VideoLabs's assets include the seven patents now asserted against Amazon (6,880,156; 7,266,682; 7,440,559; 7,769,238; 7,970,059; 8,139,878; 8,605,794). The '238, '059, and '878 patents are in suit against Dell, with Starz and VideoLabs disputing infringement of the '559 and '794 patents in Delaware, where two other patents are also asserted (7,233,790; RE43,113). (An assertion grid for the campaign is available on RPX Insight.) The original development work for the assets was conducted at a variety of companies, including Nokia, Openwave Systems (which merged into Great Elm Capital Corp. (f/k/a Unwired Planet, Inc.), an entity that asserted some of them, as Unwired Planet, as part of a five-year long case against Apple that ultimately went on to focus on other patents), and Siemens.

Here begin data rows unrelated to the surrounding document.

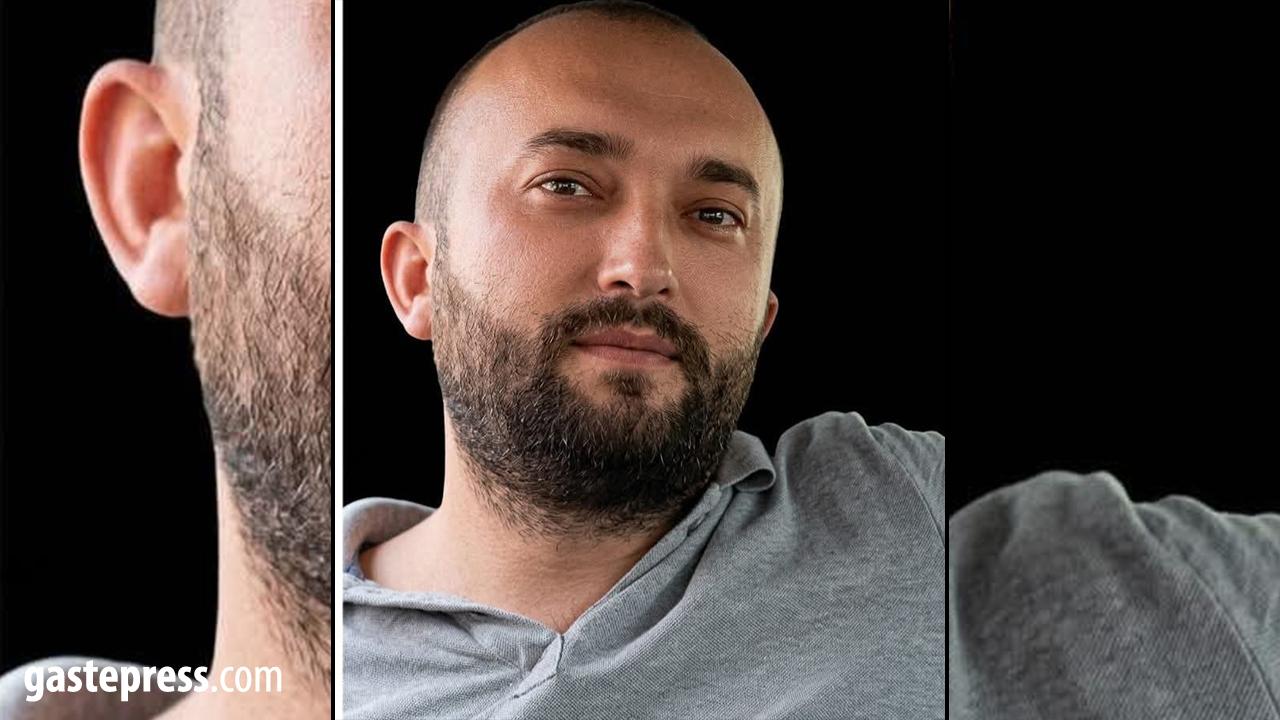 Vietnam tatilinde kalp krizi geçirdi: Kayseri’de son yolculuğuna uğurlandı!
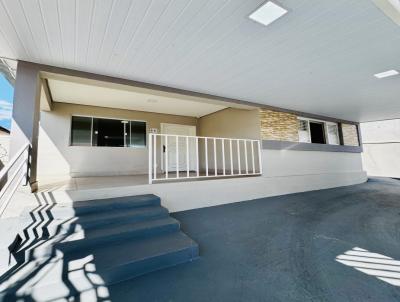 Casa para Venda, em , bairro Bassan, 2 dormit�rios, 2 banheiros, 1 su�te, 2 vagas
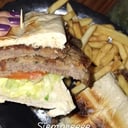 Foto de MILANESA TUCUMANA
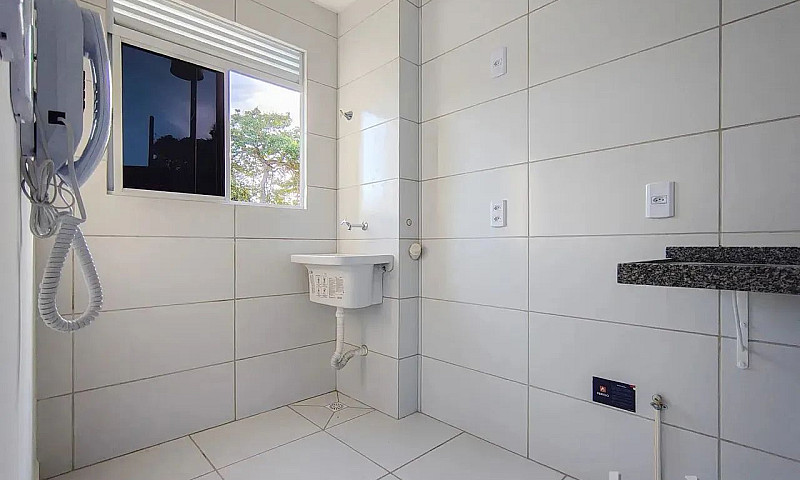 Apartamento, Pires F...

In response to the lack of "industry support" for its membership model, VideoLabs turned to litigation, starting with Dell last May. Blumberg emphasized in the interview with IAM VideoLabs' obligation to repay its investors, which include the hedge fund Bardin Hill Investment Partners (f/k/a Halcyon Capital Management) and IP litigation funder Soryn IP Group, according to a 2019 VideoLabs press release. PitchBook indicates that Bardin Hill and Soryn IP led the company's Series A funding, collectively raising $10M. According to Blumberg, "[w]ith the investors who have put their money behind VideoLabs expecting to see a return, the company was forced to take a more aggressive approach".

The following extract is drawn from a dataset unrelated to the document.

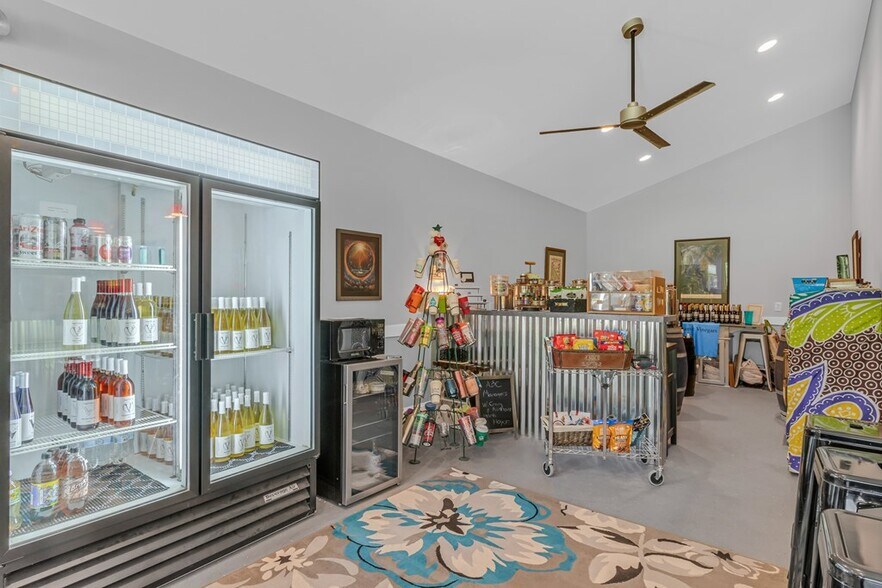 More Photos Of 3138 Jessie DuPont Memorial Hwy, Heathsville Winery Vineyard For Sale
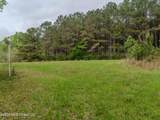 501 Stanford Lake Road - Photo 19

Founded by CEO Joe Chernesky (formerly of Kudelski Group and Intellectual Ventures LLC), and staffed by a number of IP veterans including Blumerg and Bill Goldman, VideoLabs has pleaded that it has acquired patents originating with "Nokia Corporation, Alcatel-Lucent S.A., Siemens AG, Swisscom AG, 3Com, Panasonic, Ericsson, Samsung, LG, and Hewlett Packard Enterprise". The company's US patent holdings as reflected by currently available USPTO records can be viewed on RPX Insight here. VideoLabs itself owns some of these patents; VL Collective IP, others.

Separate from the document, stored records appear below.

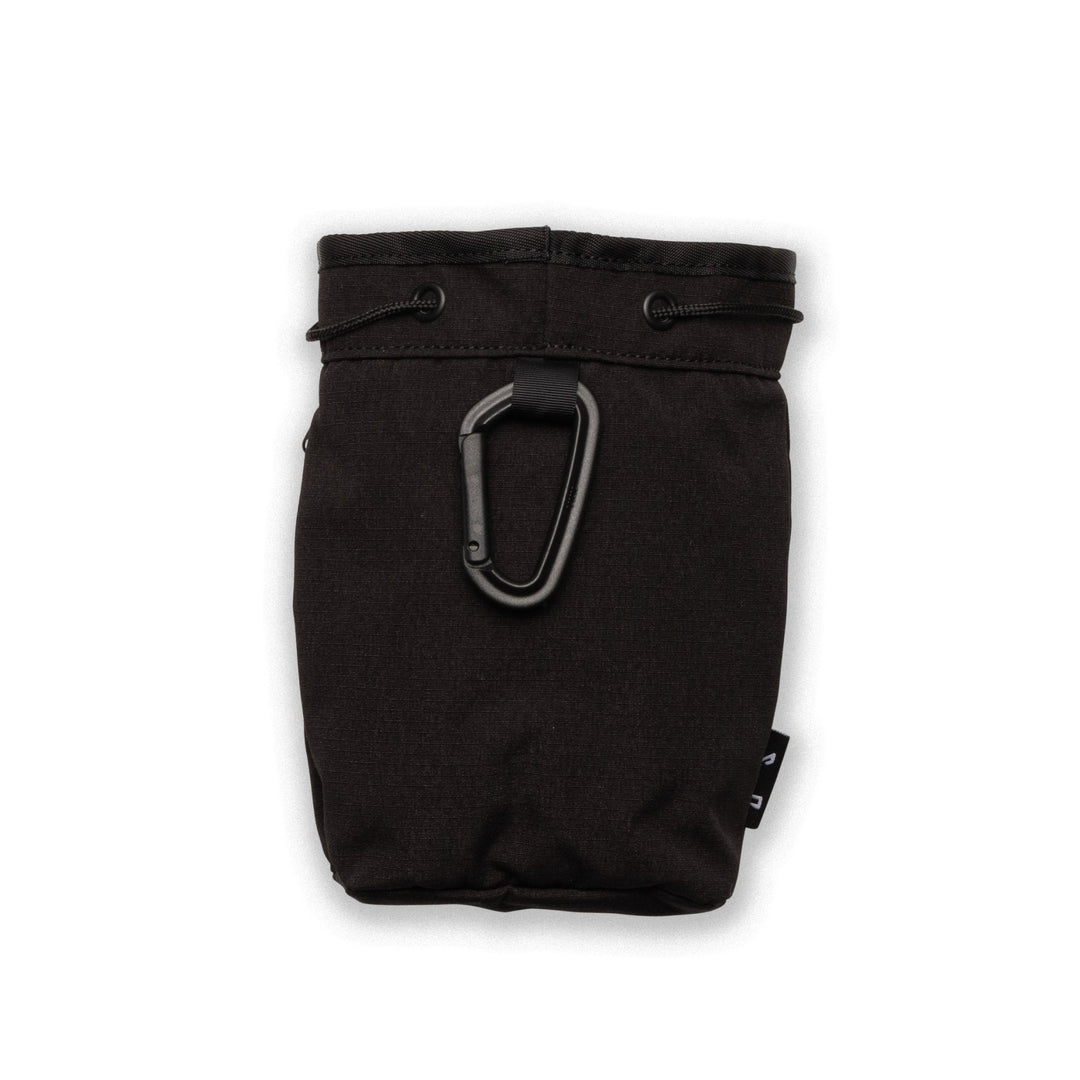 Florida Rangefinder Pouch - Black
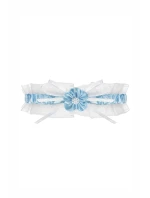 Dámský podvazek PW 33 model 21900611 - Julimex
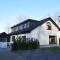 Groeps Villa 24 pers.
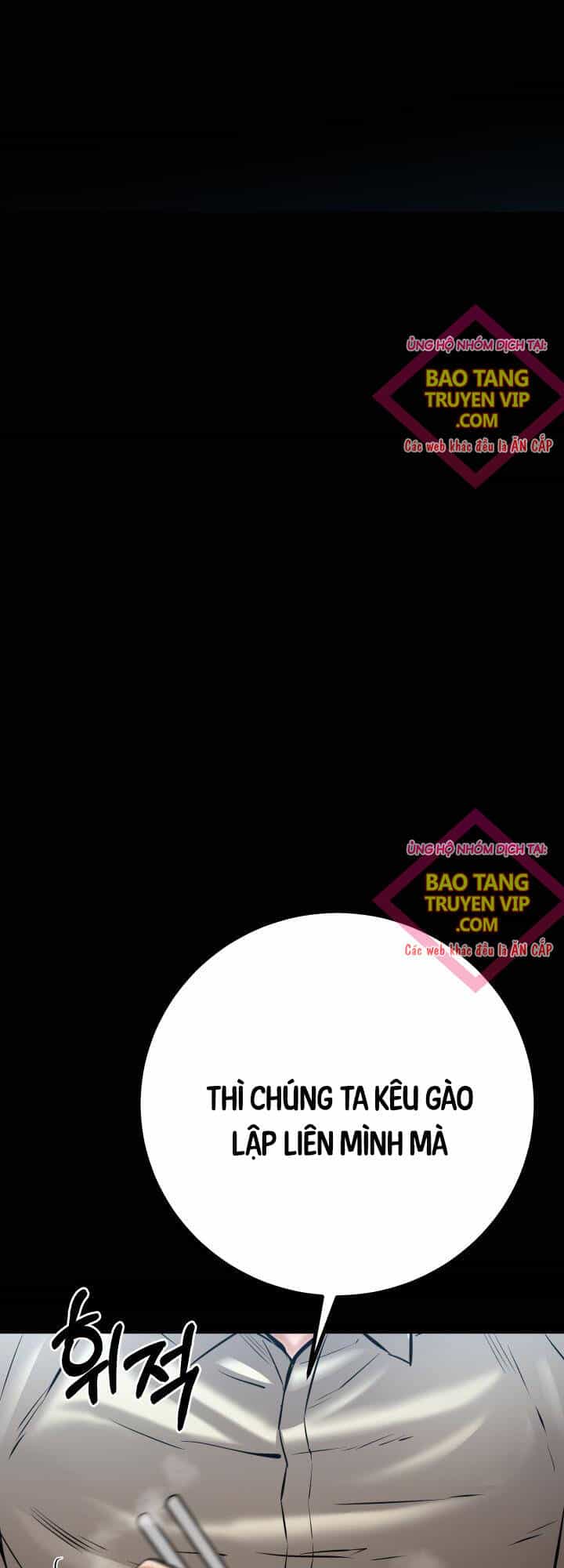 Thanh Kiếm Báo Thù - Chương 31 - ảnh 71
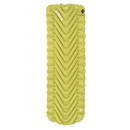 Static V SUMMIT-Chartreuse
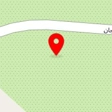 اقامتگاه بومگردی ماتینا matina ecologe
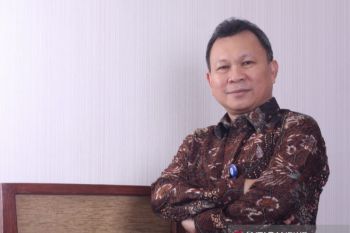 BSG dorong nasabah menggunakan layanan digital untuk transaksi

Litigation against Dell and Starz remains in early stages. VideoLabs has counterclaimed in Delaware, affirmatively alleging infringement of the four patents-in-suit. Both there and in its new complaint against Amazon, VideoLabs opens up by pleading that "[d]igital video has become fundamental to how society interacts, communicates, educates, and entertains. In fact, video consumption now accounts for more than 82% of all Internet traffic. The ability to reliably provide high-quality video drives the growth of digital platforms that are increasingly integral to the global economy".

In its complaint against Amazon, the plaintiff alleges that it had reached out to the company over many months to offer its patent portfolio, but that it has not received a "real response". 1/21, Western District of Texas.